TDAML: Machine Learning and Inference for Topological Data Analysis

Documented in analyze_representatives

#### ANALYZING MULTIPLE REPRESENTATIVES ####
#' Analyze the data point memberships of multiple representative (co)cycles.
#'
#' Multiple distance matrices with corresponding data points can contain the same topological features. 
#' Therefore we may wish to compare many representative (co)cycles across distance matrices to decide if their topological features are the same.
#' The `analyze_representatives` function returns a matrix of binary datapoint memberships in an input list of representatives across distance matrices.
#' Optionally this matrix can be plotted as a heatmap with columns as data points and rows (i.e. representatives) reordered by similarity, and the 
#' contributions (i.e. percentage membership) of each point in the representatives can also be returned. The heatmap has
#' dark red squares representing membership - location [i,j] is dark red if data point j is in representative i.
#' 
#' The clustering dendrogram can be used to determine if there are any similar groups of representatives (i.e.
#' shared topological features across datasets) and if so how many. The row labels of the heatmap are of the form
#' 'DX[Y]', meaning the Yth representative of diagram X, and the column labels are the data point numbers.
#' If diagrams are the output of the \code{\link{bootstrap_persistence_thresholds}}
#' function, then the subsetted_representatives (if present) will be analyzed. Therefore, a column label like 'DX[Y]' in the 
#' plotted heatmap would mean the Yth representative of diagram X. If certain representatives should be highlighted (by drawing a box around its row)
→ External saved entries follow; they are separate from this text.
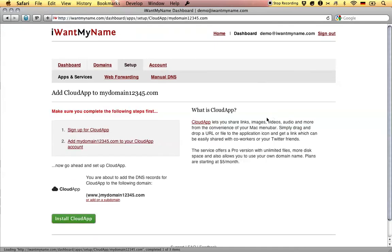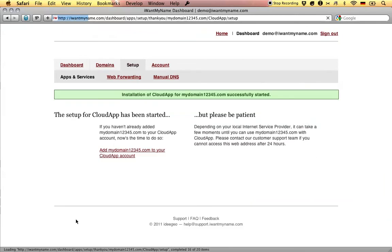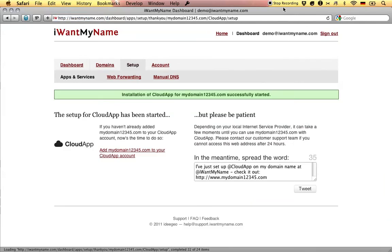Now all you have to do is click on Install CloudApp and that's it. You've just added CloudApp to your domain name at IWantMyName.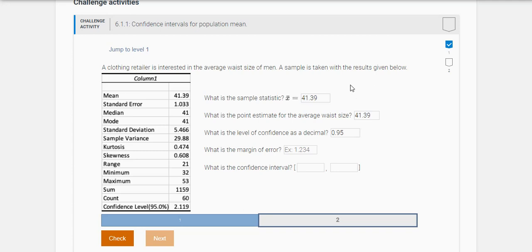And what is the margin of error? So in Excel, this right here, when it says confidence level and then gives this value here, that's the margin of error.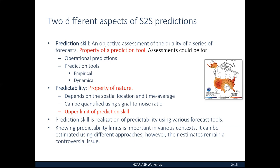Given the predictability limit, prediction skill is a realization of predictability using various forecast tools — dynamical models or empirical prediction systems. Knowing the predictability limit is important because it gives an estimate of how much room there is for improvement and helps set expectations for the user community. This has been a fairly controversial issue. Efforts to estimate predictability go back more than 40 years — Ral Madden did a first estimate in 1976 for monthly mean temperature anomalies over the U.S.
#' in the heatmap, a dataframe `boxed_reps` can be supplied with two integer columns - 'diagram' and 'rep'. For example, if we wish to draw a box for DX[Y] then we
#' add the row (diagram = X,rep = Y) to `boxed_reps`. If `d` is supplied then it will be used to cluster the representatives, based on the distances in `d`.
#'
#' @param diagrams a list of persistence diagrams, either the output of persistent homology calculations like ripsDiag/\code{\link[TDAstats]{calculate_homology}}/\code{\link{PyH}}, \code{\link{diagram_to_df}} or \code{\link{bootstrap_persistence_thresholds}}.
#' @param dim the integer homological dimension of representatives to consider.
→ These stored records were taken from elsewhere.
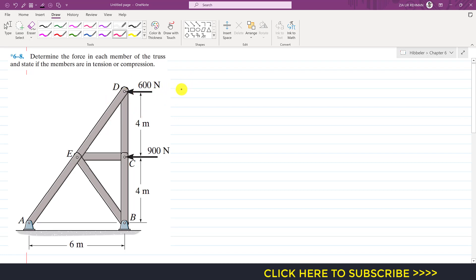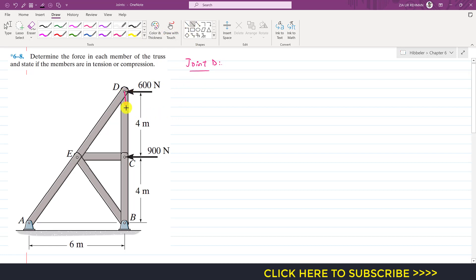We will start from joint D, since at joint D we have only two members in which the forces are unknown. We have the DE member force which is unknown and the CD member force which is unknown. So we have two equations and two unknowns. Let's say that the force in member CD is a tension force, so its force will be acting away from joint D. This is FCD. And let's say that the DE member is in compression, so this is FDE.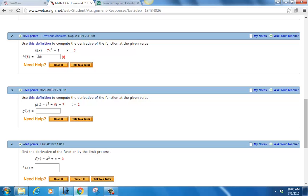There is a difference between the two problems. In number three, they're asking you to find the value of the derivative at a particular input value. In number four, they're asking you to find a formula for the derivative function itself — one you could use to find the derivative at any input value. Let's do number three but in the style of four, so we kill two birds with one stone.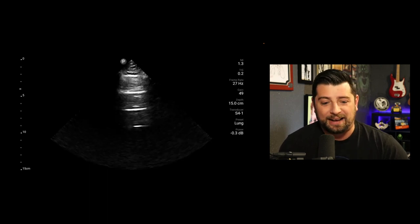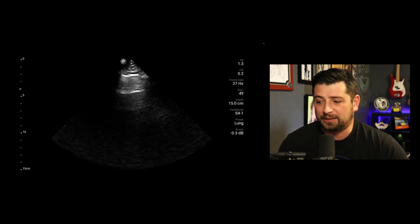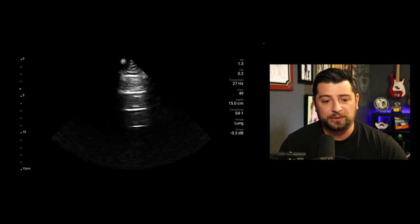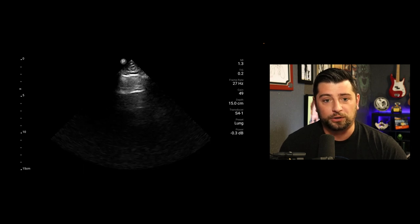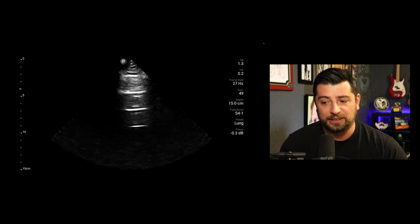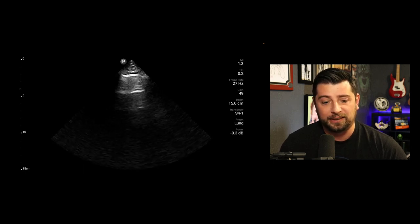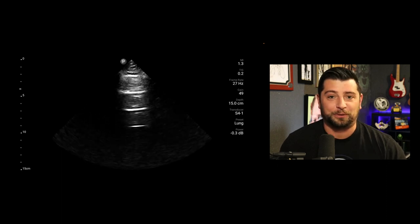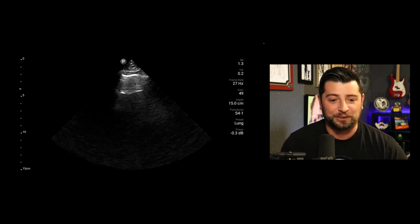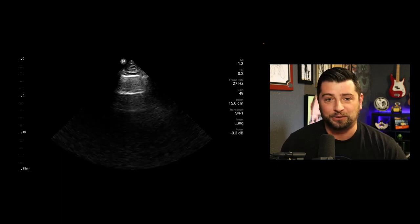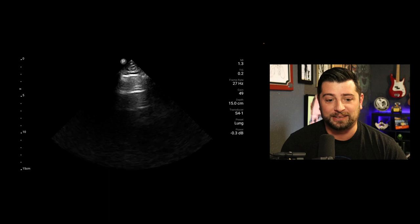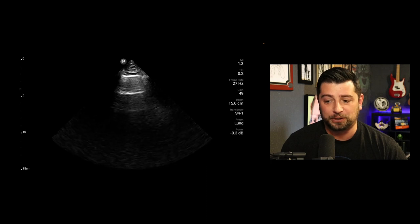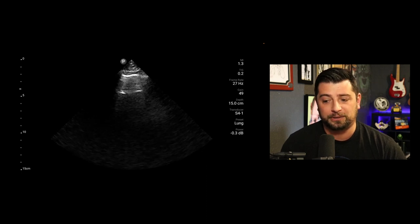You probably don't even have to, but I still would look at the lungs just to see what they look like — to see if I can spot any fluid — just to complete the entire assessment.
#' @param num_points the integer number of data points in all the original datasets (from which the diagrams were calculated).
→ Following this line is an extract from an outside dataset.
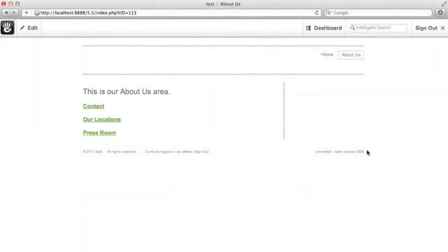Welcome to another Getting Started with Concrete 5 video. If you haven't already, you should check out the Intro to Concrete 5 video to give you a little bit of context as to what it is and how it works. In this video, we're going to talk about how you add pages and update navigations with a Concrete 5 site.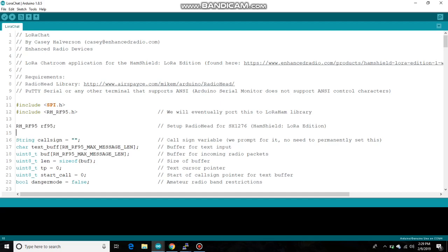Hi everyone, Casey here. I wanted to show you a really neat example we came up with for our HamShield LoRa editions.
#' @param plot_heatmap a boolean representing if a heatmap of data point membership similarity of the representatives should be plotted, default `TRUE`. A dendrogram of hierarchical clustering is plotted, and rows (representatives) are sorted according to this clustering.
#' @param return_contributions a boolean indicating whether or not to return the membership contributions (i.e. percentages) of the data points (1:`num_points`) across all the representatives, default `FALSE`.
#' @param boxed_reps a data frame specifying specific rows of the output heatmap which should have a box drawn around them (for highlighting), default NULL. See the details section for more information.
#' @param lwd a positive number width for the lines of drawn boxes, if boxed_reps is not null.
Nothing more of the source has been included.